Some of the lines below need repeating. Reproduce exactly those between the lines holding "Rebec D.Cowboys #92" and "Walking Girl With Shopping Bag vector", inclusive.

───── Excerpted records

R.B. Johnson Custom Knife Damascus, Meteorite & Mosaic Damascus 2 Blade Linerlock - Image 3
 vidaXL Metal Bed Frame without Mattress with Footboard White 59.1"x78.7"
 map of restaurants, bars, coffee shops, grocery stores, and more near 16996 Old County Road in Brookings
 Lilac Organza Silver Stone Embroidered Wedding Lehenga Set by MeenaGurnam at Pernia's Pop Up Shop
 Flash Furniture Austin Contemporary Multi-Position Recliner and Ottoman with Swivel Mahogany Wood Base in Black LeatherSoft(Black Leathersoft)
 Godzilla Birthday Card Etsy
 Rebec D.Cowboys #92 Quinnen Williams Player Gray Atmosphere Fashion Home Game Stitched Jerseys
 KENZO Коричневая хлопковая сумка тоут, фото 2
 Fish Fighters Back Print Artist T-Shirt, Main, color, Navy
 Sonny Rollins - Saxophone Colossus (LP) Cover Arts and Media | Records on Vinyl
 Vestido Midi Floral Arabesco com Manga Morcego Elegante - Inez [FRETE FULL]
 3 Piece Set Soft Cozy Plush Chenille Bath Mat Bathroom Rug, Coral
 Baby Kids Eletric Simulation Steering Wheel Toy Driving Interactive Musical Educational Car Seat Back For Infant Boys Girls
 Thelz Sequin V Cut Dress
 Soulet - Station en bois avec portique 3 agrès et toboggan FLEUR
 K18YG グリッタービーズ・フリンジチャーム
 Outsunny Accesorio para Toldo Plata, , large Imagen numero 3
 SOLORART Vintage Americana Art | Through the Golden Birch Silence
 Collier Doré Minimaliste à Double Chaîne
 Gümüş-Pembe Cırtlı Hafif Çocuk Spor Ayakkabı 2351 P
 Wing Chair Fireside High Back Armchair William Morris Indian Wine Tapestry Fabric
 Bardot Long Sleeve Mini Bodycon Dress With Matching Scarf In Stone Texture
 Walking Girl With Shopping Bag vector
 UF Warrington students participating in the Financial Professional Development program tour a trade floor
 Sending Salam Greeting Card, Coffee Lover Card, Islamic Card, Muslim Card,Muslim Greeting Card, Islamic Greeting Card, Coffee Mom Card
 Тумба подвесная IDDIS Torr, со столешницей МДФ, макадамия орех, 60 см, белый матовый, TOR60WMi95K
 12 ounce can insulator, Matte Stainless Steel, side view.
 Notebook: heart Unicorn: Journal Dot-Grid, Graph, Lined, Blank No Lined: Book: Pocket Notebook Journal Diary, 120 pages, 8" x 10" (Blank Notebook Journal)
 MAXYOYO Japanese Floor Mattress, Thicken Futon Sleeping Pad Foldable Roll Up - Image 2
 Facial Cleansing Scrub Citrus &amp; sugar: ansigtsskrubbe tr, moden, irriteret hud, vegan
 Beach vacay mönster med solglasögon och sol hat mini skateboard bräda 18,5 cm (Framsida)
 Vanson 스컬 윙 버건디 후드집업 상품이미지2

──────────

» **Written response**:
 Rebec D.Cowboys #92 Quinnen Williams Player Gray Atmosphere Fashion Home Game Stitched Jerseys
 KENZO Коричневая хлопковая сумка тоут, фото 2
 Fish Fighters Back Print Artist T-Shirt, Main, color, Navy
 Sonny Rollins - Saxophone Colossus (LP) Cover Arts and Media | Records on Vinyl
 Vestido Midi Floral Arabesco com Manga Morcego Elegante - Inez [FRETE FULL]
 3 Piece Set Soft Cozy Plush Chenille Bath Mat Bathroom Rug, Coral
 Baby Kids Eletric Simulation Steering Wheel Toy Driving Interactive Musical Educational Car Seat Back For Infant Boys Girls
 Thelz Sequin V Cut Dress
 Soulet - Station en bois avec portique 3 agrès et toboggan FLEUR
 K18YG グリッタービーズ・フリンジチャーム
 Outsunny Accesorio para Toldo Plata, , large Imagen numero 3
 SOLORART Vintage Americana Art | Through the Golden Birch Silence
 Collier Doré Minimaliste à Double Chaîne
 Gümüş-Pembe Cırtlı Hafif Çocuk Spor Ayakkabı 2351 P
 Wing Chair Fireside High Back Armchair William Morris Indian Wine Tapestry Fabric
 Bardot Long Sleeve Mini Bodycon Dress With Matching Scarf In Stone Texture
 Walking Girl With Shopping Bag vector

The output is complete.